## Provided information:

<<<<

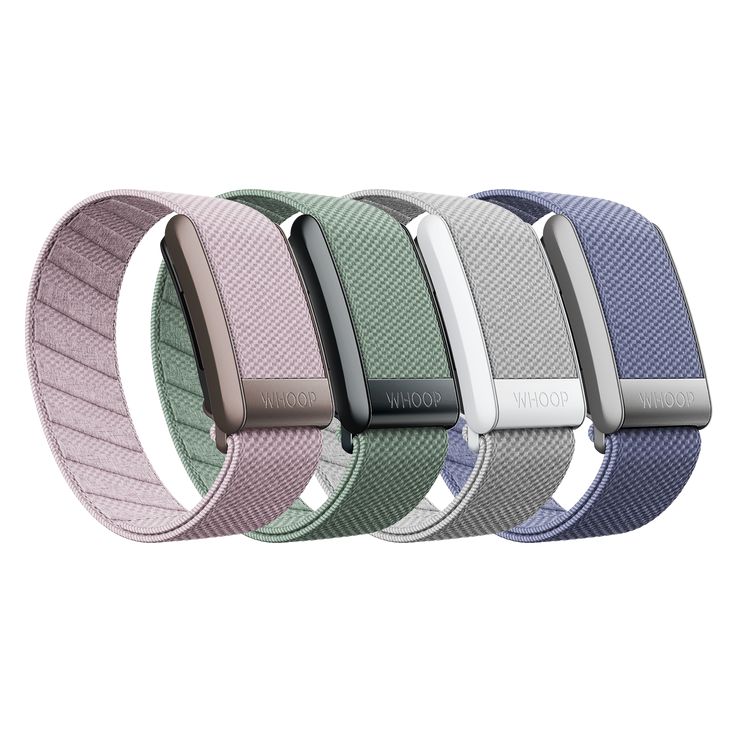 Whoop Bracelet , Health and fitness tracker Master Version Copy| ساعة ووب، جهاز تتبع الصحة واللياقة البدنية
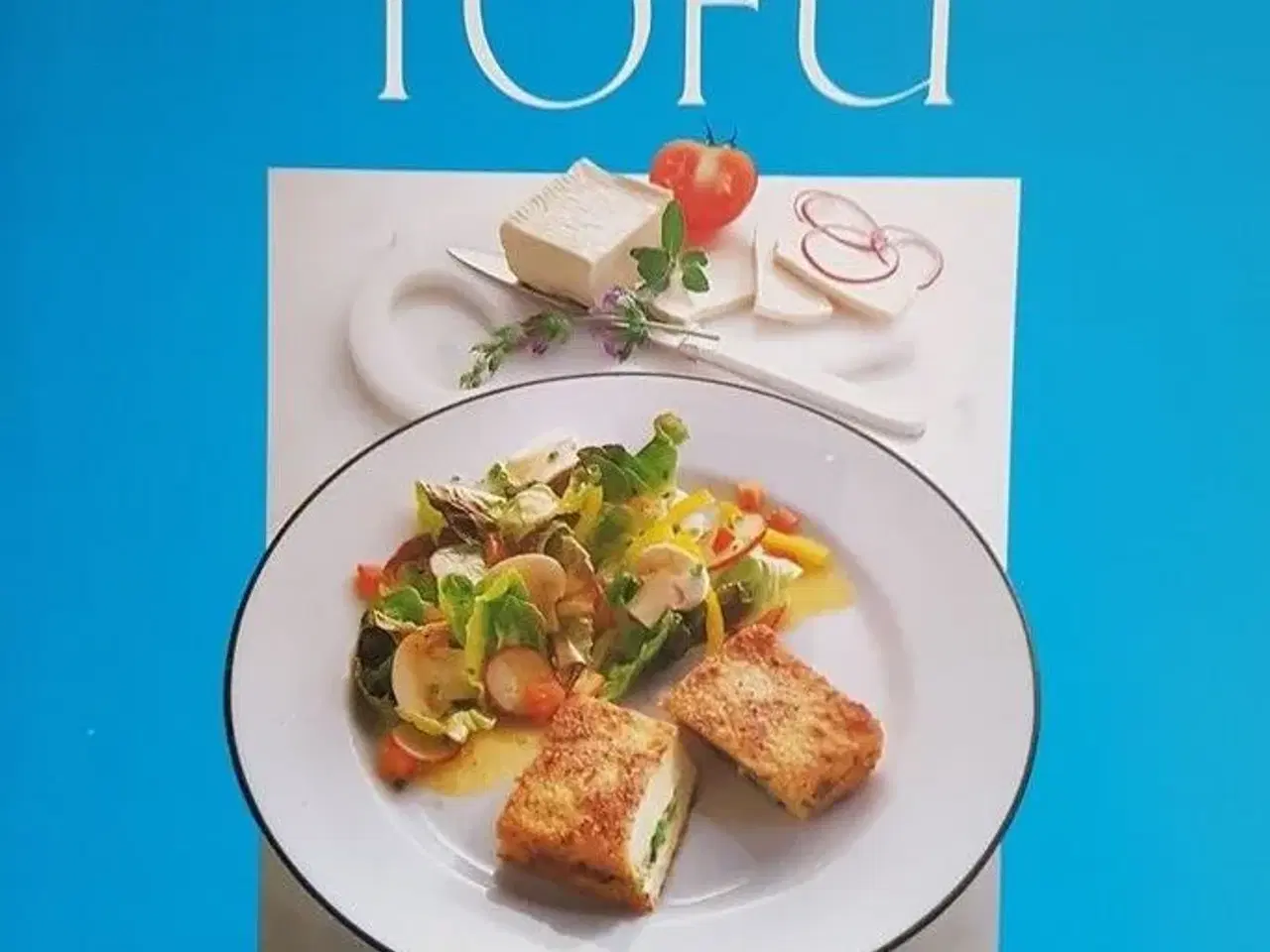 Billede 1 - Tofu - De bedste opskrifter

>>>>
<<<<

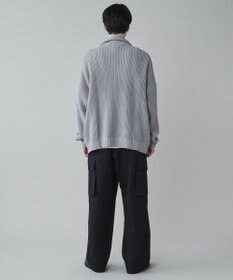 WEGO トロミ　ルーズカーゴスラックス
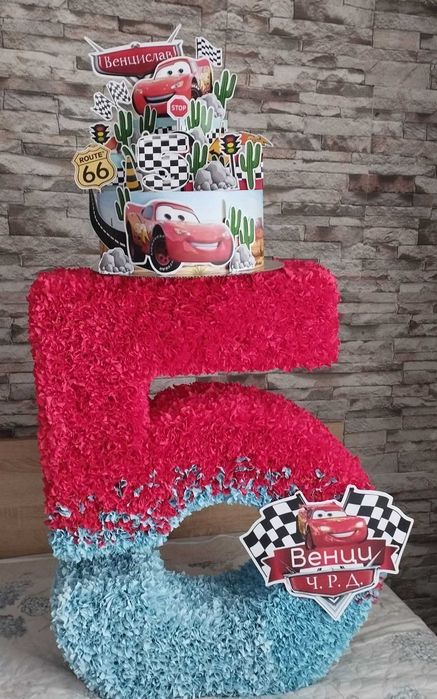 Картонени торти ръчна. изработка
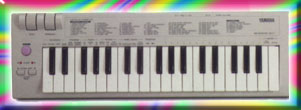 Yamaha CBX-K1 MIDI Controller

>>>>

Output exactly the stretch of the listing that begins at the line containing "Whoop Bracelet , Health" and ends at the line containing "Billede 1 - Tofu - De bedste opskrifter", both kept. Omit pictures and everything else.

## Your response:
 Whoop Bracelet , Health and fitness tracker Master Version Copy| ساعة ووب، جهاز تتبع الصحة واللياقة البدنية
 Billede 1 - Tofu - De bedste opskrifter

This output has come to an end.